Goal of the exercise: Restate word for word the lines of the records below, starting at the line that contains "Caneca com Citação" and ending at the line that contains "Milwaukee Skyline Briefkaart", with both of those lines included and nothing else.

___ Extracted entries

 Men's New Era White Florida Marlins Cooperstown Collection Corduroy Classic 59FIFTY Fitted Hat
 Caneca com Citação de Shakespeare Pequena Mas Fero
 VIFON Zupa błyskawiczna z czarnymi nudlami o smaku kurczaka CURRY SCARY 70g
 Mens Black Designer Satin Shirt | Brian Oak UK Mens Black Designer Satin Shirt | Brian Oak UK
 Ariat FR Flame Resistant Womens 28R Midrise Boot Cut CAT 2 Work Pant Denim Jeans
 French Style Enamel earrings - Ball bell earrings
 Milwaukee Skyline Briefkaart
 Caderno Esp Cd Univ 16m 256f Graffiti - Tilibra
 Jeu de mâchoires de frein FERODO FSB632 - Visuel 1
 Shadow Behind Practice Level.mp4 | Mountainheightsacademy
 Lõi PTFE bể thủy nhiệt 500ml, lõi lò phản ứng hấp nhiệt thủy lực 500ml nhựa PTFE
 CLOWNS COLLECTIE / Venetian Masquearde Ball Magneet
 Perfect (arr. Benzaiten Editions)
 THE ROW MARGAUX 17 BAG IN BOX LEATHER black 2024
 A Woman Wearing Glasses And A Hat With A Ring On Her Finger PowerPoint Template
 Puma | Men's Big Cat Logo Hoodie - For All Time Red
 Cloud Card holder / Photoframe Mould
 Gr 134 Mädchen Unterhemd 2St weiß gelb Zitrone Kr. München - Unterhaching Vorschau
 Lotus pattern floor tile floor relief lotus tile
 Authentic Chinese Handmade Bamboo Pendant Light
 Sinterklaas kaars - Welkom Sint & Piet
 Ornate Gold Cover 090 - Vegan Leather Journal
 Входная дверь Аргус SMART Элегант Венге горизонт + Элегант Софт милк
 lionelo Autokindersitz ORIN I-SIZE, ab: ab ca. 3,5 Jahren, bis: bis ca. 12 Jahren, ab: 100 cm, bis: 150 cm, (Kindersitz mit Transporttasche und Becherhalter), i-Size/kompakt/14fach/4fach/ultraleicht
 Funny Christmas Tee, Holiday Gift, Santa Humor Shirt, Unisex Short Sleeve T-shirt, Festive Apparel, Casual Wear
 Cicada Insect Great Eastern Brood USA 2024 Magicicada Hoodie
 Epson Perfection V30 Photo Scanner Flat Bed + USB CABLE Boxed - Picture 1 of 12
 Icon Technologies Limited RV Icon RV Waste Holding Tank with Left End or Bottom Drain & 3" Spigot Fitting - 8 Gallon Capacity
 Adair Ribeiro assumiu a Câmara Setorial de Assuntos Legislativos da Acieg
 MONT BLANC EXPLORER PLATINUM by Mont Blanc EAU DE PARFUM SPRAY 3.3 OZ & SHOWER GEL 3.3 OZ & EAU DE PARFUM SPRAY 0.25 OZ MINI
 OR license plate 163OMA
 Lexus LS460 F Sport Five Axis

______

Worked solution:
 Caneca com Citação de Shakespeare Pequena Mas Fero
 VIFON Zupa błyskawiczna z czarnymi nudlami o smaku kurczaka CURRY SCARY 70g
 Mens Black Designer Satin Shirt | Brian Oak UK Mens Black Designer Satin Shirt | Brian Oak UK
 Ariat FR Flame Resistant Womens 28R Midrise Boot Cut CAT 2 Work Pant Denim Jeans
 French Style Enamel earrings - Ball bell earrings
 Milwaukee Skyline Briefkaart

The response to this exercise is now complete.